» **EXTRACTED DATA**:
☆ ☆ ☆ ☆
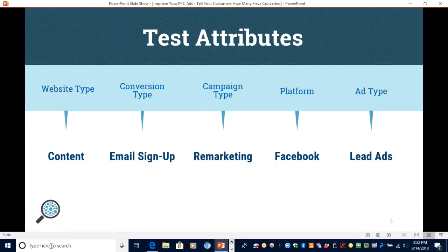Here's the way we actually applied this concept in a test. We used it with a client with a content site, and the goal of the campaign was to get email signups for their newsletter when they release new content. We did this by remarketing to past visitors of their content on Facebook using lead gen ad forms to get them to subscribe.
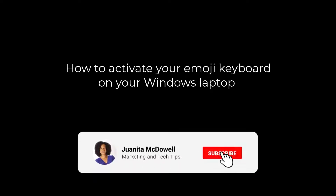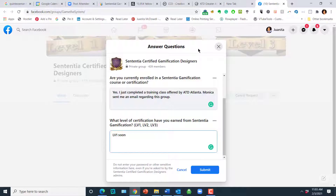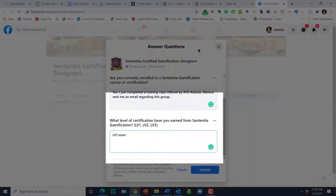Here's a quick tech tip for you. Every now and then you need an emoji, but there's no emoji on your keyboard. This is for Windows users when you're on your laptop and you need that quick emoji and the application doesn't offer one.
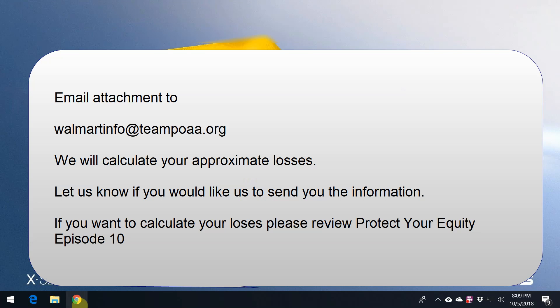If you want to calculate your own losses, just go ahead and review Protect Your Equity, Episode 10. And again, please share this information with us. Thank you.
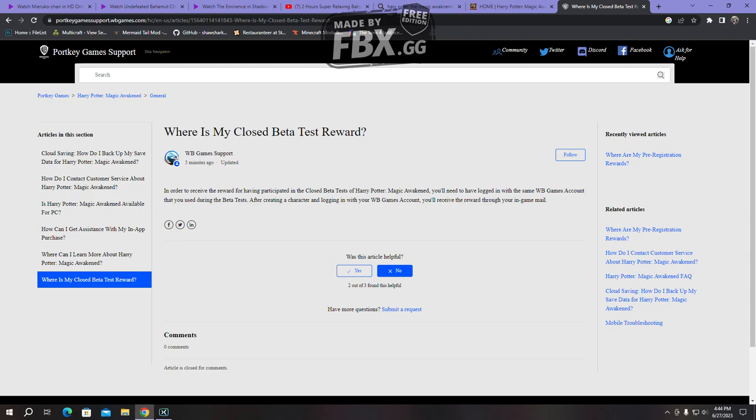So, in order to receive the reward for having participated in the closed beta test of Harry Potter Magic Awakening, you'll need to have logged in with the same Warner Bros game account that you used during the beta testing to receive the rewards. If you played with your Play Store email, you'll not receive anything.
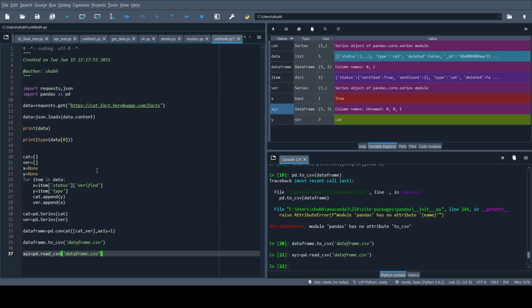So we have seen how we can get data from APIs, concat them, and save to a DataFrame, and then we can save that to CSV. Thank you.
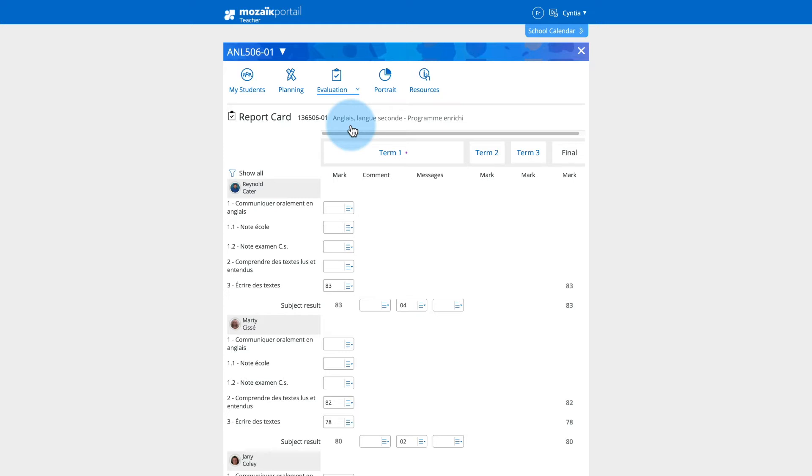From that moment on, you can check and, if necessary, change the displayed marks.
☆ ☆ ☆ ☆
» **AIM OF THE TASK**:
Return the records above in their entirety, word for word, with the pictures removed.

» **EXPECTED ANSWER**:
Here's the way we actually applied this concept in a test. We used it with a client with a content site, and the goal of the campaign was to get email signups for their newsletter when they release new content. We did this by remarketing to past visitors of their content on Facebook using lead gen ad forms to get them to subscribe.
Here's a quick tech tip for you. Every now and then you need an emoji, but there's no emoji on your keyboard. This is for Windows users when you're on your laptop and you need that quick emoji and the application doesn't offer one.
If you want to calculate your own losses, just go ahead and review Protect Your Equity, Episode 10. And again, please share this information with us. Thank you.
So, in order to receive the reward for having participated in the closed beta test of Harry Potter Magic Awakening, you'll need to have logged in with the same Warner Bros game account that you used during the beta testing to receive the rewards. If you played with your Play Store email, you'll not receive anything.
So we have seen how we can get data from APIs, concat them, and save to a DataFrame, and then we can save that to CSV. Thank you.
From that moment on, you can check and, if necessary, change the displayed marks.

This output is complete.